- EXERCISE OBJECTIVE
Reproduce from the records below, with no pictures, exactly the lines between the one containing "Palio Hexagon Limestone Mosaic 26.5x30.5cm" and the one containing "Nintendo cartucho juego wrecking crew", inclusive.

- MATERIAL SUPPLIED
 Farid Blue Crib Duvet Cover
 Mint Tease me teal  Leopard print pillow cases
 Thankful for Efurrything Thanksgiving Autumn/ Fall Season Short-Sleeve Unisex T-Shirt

---

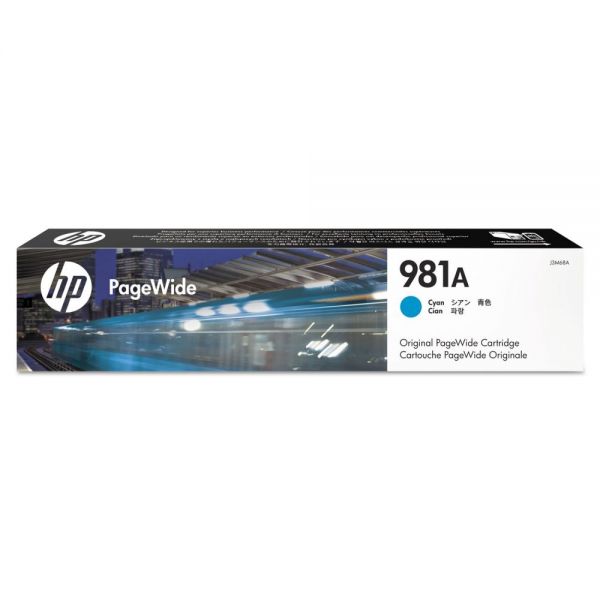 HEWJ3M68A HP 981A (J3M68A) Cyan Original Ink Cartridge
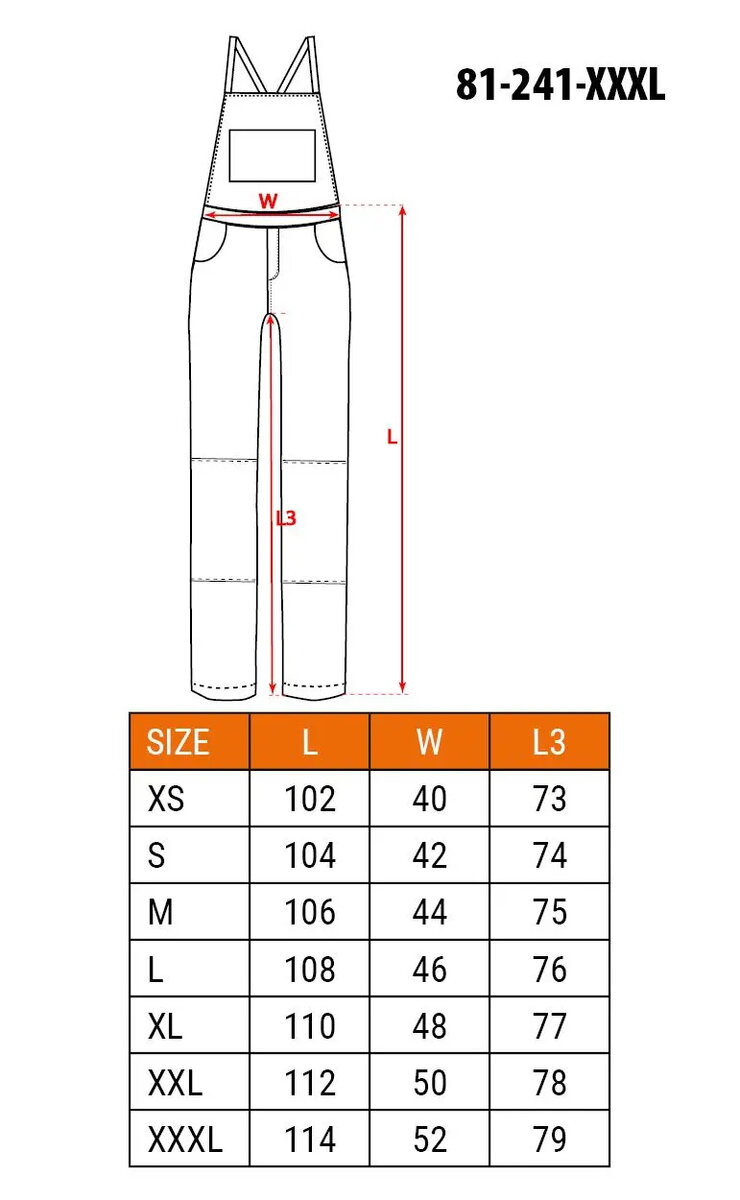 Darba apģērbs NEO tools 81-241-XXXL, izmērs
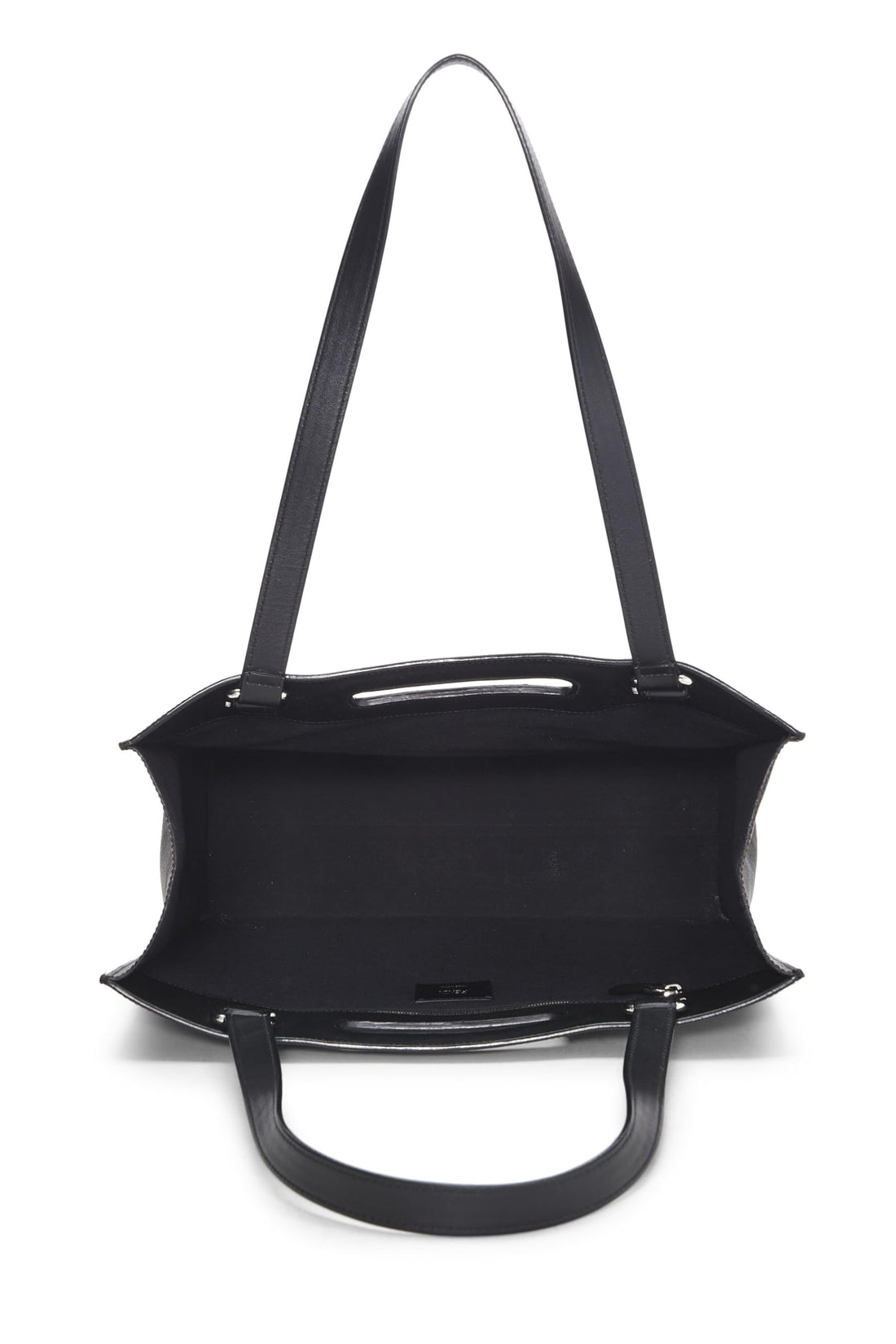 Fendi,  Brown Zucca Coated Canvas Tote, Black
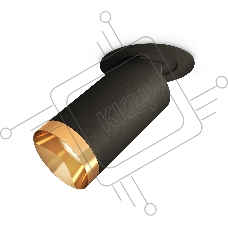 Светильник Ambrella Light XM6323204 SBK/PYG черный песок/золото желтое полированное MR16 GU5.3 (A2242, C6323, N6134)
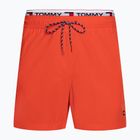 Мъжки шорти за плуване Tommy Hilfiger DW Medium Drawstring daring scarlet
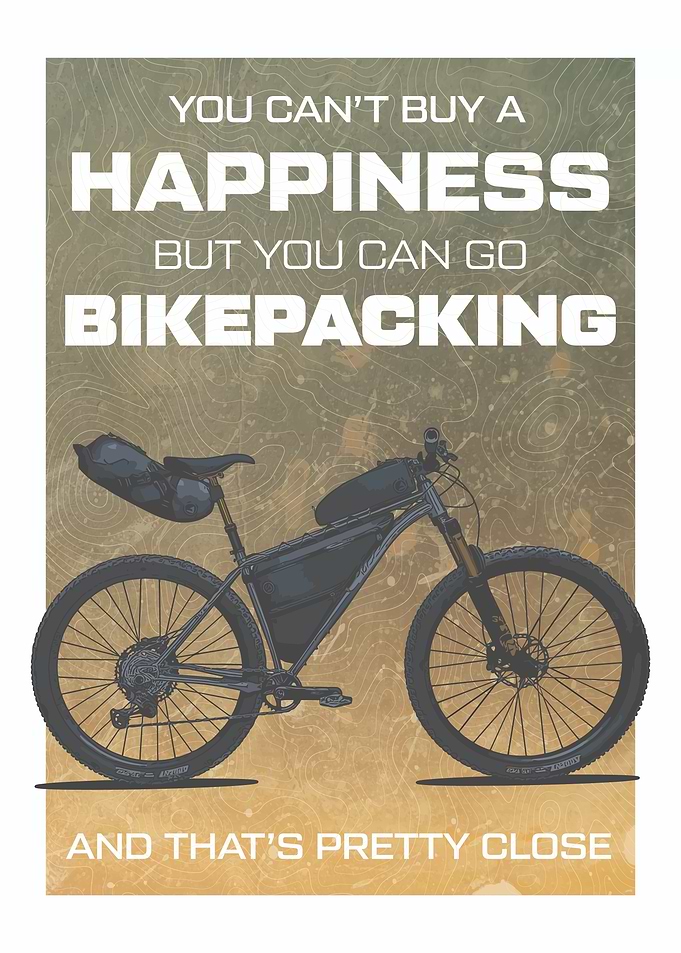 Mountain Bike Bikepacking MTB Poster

...

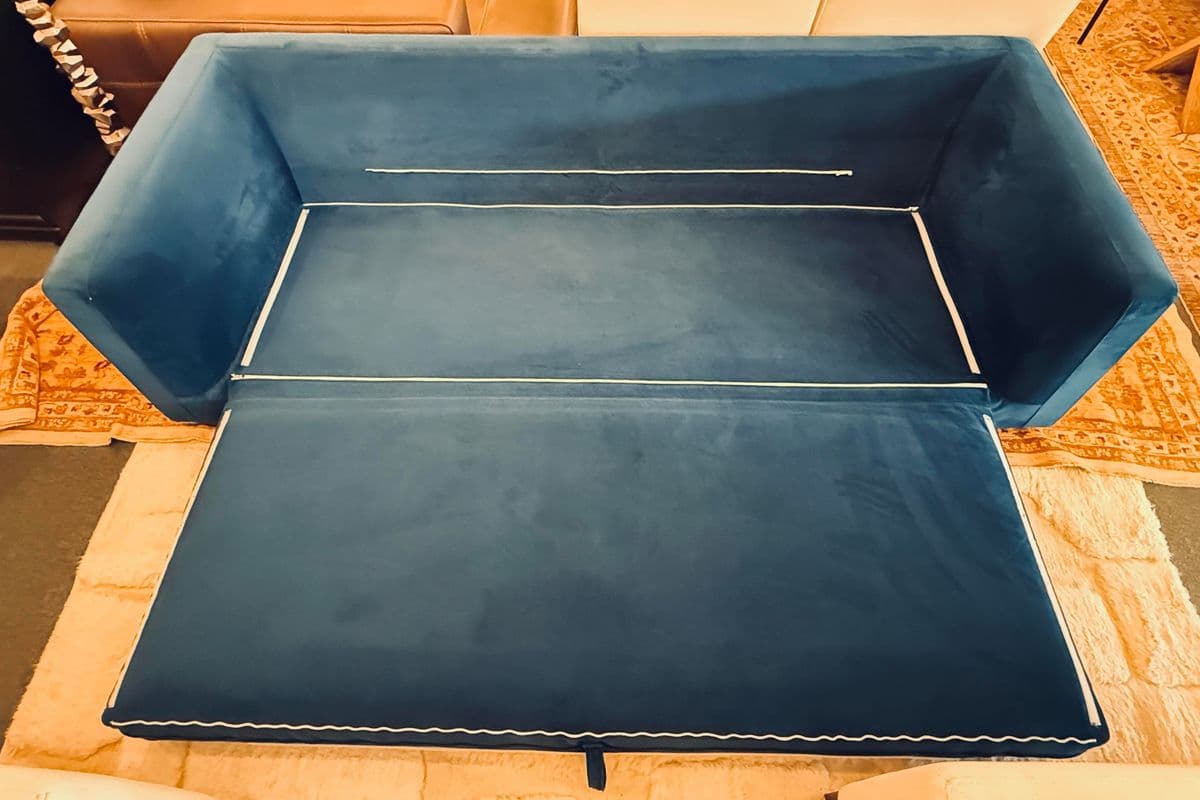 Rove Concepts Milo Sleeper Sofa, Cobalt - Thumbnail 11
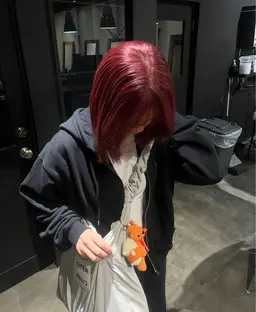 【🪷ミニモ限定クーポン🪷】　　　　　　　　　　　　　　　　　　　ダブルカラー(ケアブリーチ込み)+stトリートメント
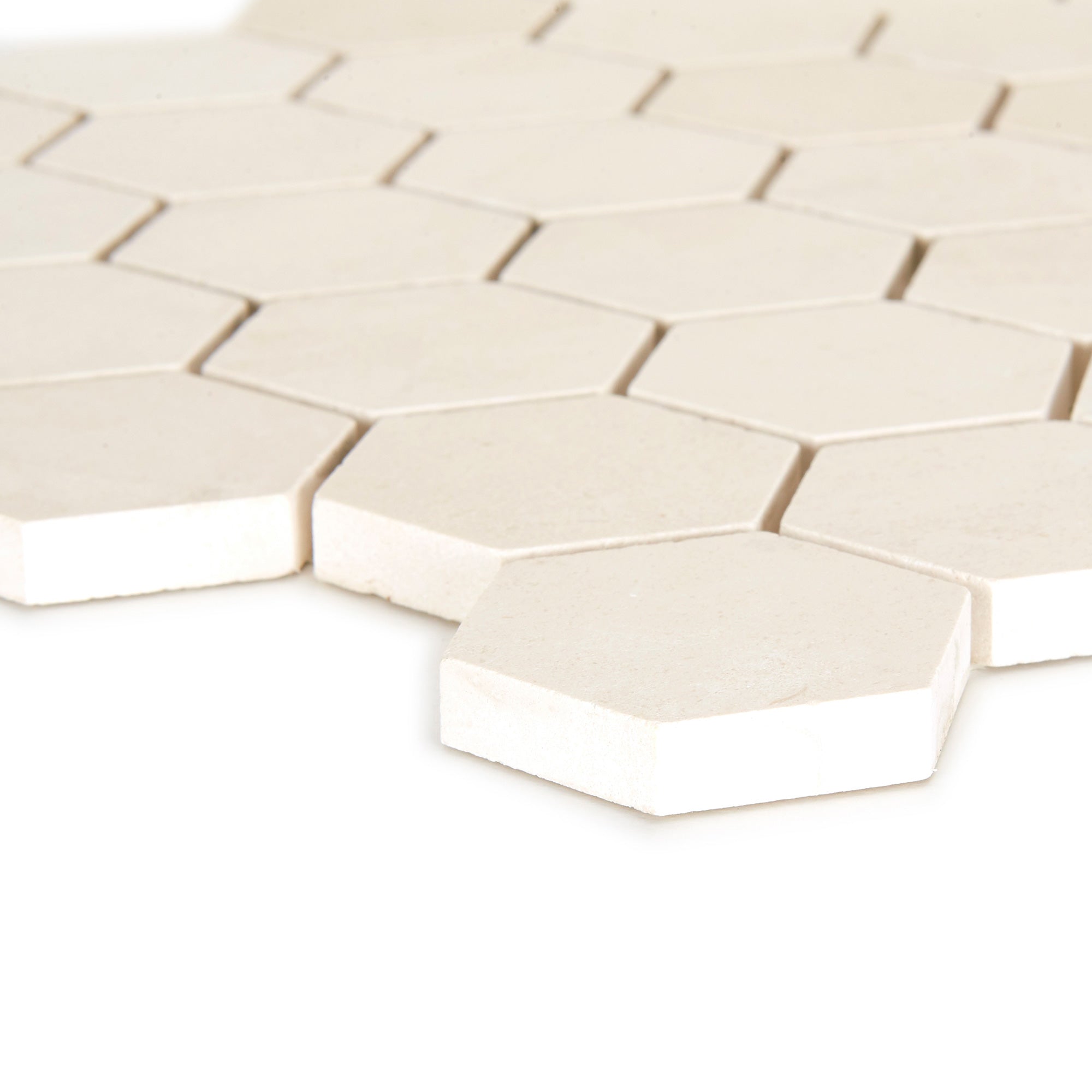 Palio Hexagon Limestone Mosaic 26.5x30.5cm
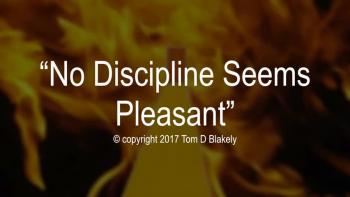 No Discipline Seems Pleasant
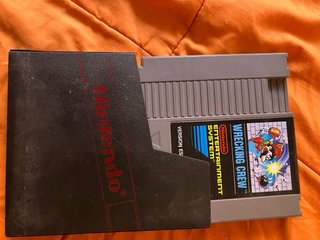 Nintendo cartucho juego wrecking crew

- EXERCISE ANSWER
 Palio Hexagon Limestone Mosaic 26.5x30.5cm
 No Discipline Seems Pleasant
 Nintendo cartucho juego wrecking crew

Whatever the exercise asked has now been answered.